View Single Post
Old 05-01-2009, 11:16   #6
NoRoadtrippin
Guerrilla
 
Join Date: Jan 2006
Location: Da South
Posts: 294
With respect, I have to disagree with all of you who have taken offense to this article. Yes, you know better than most in this world (and certainly better than I) that decisive military action can, and does, solve conflict. But your responses seem to indicate you feel it is the ONLY thing that does so.

What is wrong with shopping with your conscience? Are we as Americans not in fact connected to those around us? Maybe you are only one person, but don't we fight on "though I be the lone survivor?" One person can make a difference.

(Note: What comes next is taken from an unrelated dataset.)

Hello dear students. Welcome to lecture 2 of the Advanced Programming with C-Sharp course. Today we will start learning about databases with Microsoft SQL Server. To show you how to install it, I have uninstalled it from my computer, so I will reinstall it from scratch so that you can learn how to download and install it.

Here, many of us do our best to support local businesses and small scale manufacturers of our equipment both as a means to support good people and to seek quality items. This will never put Wal-Mart out of business, or BlackHawk, or anyone else, but we still do it because it is right.

Do we not, by the same token, encourage companies to continue supporting the people selling these conflict minerals if we choose to buy the end product? Can we choose to also support only companies who do not use these sources as a way of quietly defending what is right? This doesn't necessarily make us liberal hippies.

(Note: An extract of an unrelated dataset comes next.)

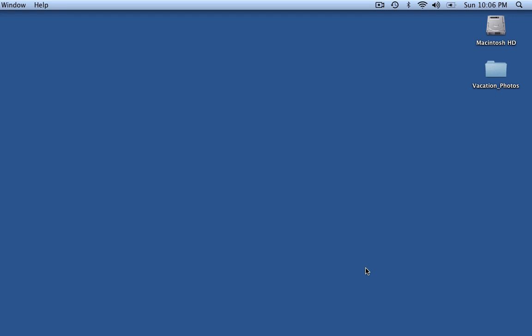Okay, so in this tutorial brought to you by Tutorials101.blogspot.com, I'm going to show you how to resize a batch of images using the Mac Automator application. Instead of resizing the images one by one, you can do it all in one go using Automator and save yourselves a lot of time. Let's begin.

I understand Chinese demand and that of many other countries is a huge force on the global market, but again, defeatism of saying "Hey look, there's no point in blaming me or in me changing my behavior, because these people aren't gonna do it too," is not the way I was trained and not the way I was brought up. I am willing to risk that it is certainly not the way a Special Forces Soldier is trained.

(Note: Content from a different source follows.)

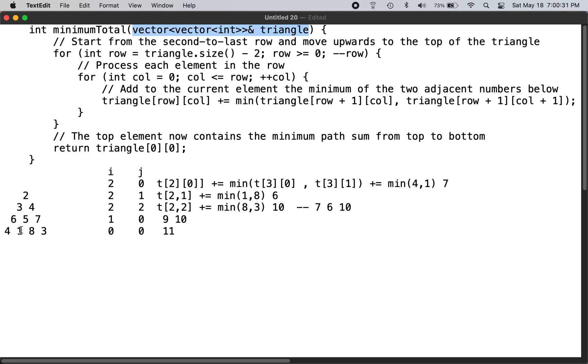So in this case it is 11. You go from 1 to 6, 6 to 3, and 3 to 2. Sorry, 1 to 5, 5 to 3, and 3 to 2. That's the 11, so that's the output you are supposed to give.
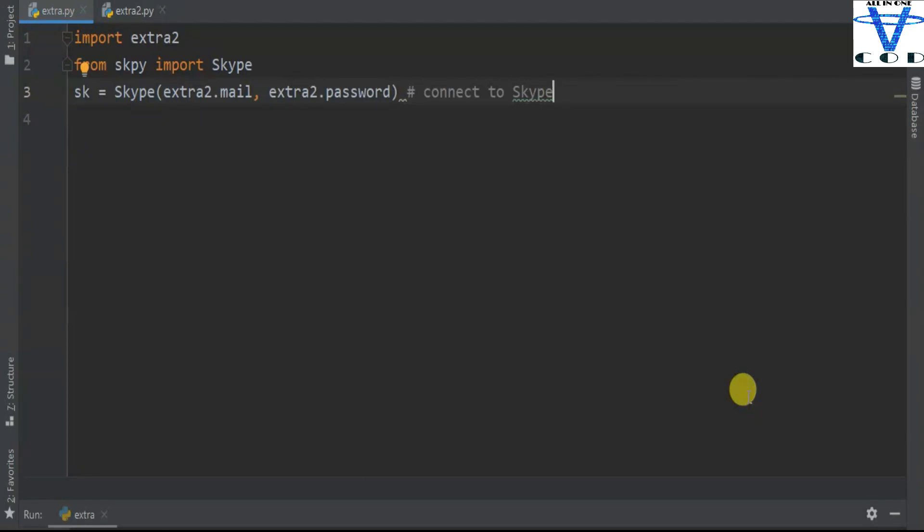Welcome back programmers. In today's section I'm going to show you how you can use Skype in your Python. First thing you have to do is install SKPY. The code is in the description or on my all-in-one-code.pythonanywhere.com site.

We don't buy items from Cuba and bring them to America. The President seeks to change this and improve relations and the members of this board are upset at a slap in the face to American policy and standing in the world that has been established for 40 years. Yet the reason we don't buy them is boiled down to the same reasons we would choose not to except materials from the Congo. Yet now the responding members see it as "blaming" and "socialism."

Personally, I feel there is a disconnect here. I am interested in the responses this post could generate.
__________________
For Americans war is almost all of the time a nuisance, and military skill is a luxury like Mah-Jongg. But when the issue is brought home to them, war becomes as important, for the necessary period, as business or sport. And it is hard to decide which is likely to be the more ominous for the [terrorists] -- an American decision that this is sport, or that it is business.